• _Exercise directions_: Reproduce verbatim only the lines from the one containing "KIA PICANTO 1.0" through the last line below, both included.

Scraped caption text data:

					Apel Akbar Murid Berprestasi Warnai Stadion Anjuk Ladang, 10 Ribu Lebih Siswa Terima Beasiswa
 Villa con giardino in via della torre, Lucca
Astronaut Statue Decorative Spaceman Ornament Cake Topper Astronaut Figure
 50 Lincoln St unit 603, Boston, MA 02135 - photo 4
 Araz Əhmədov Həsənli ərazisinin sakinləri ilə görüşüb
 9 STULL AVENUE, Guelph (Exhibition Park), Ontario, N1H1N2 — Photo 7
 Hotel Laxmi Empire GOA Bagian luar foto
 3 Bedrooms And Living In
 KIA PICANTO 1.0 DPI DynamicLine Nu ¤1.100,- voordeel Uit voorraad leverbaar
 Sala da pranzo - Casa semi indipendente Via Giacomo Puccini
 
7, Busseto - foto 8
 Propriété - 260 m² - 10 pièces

• _Result_:
 KIA PICANTO 1.0 DPI DynamicLine Nu ¤1.100,- voordeel Uit voorraad leverbaar
 Sala da pranzo - Casa semi indipendente Via Giacomo Puccini
 
7, Busseto - foto 8
 Propriété - 260 m² - 10 pièces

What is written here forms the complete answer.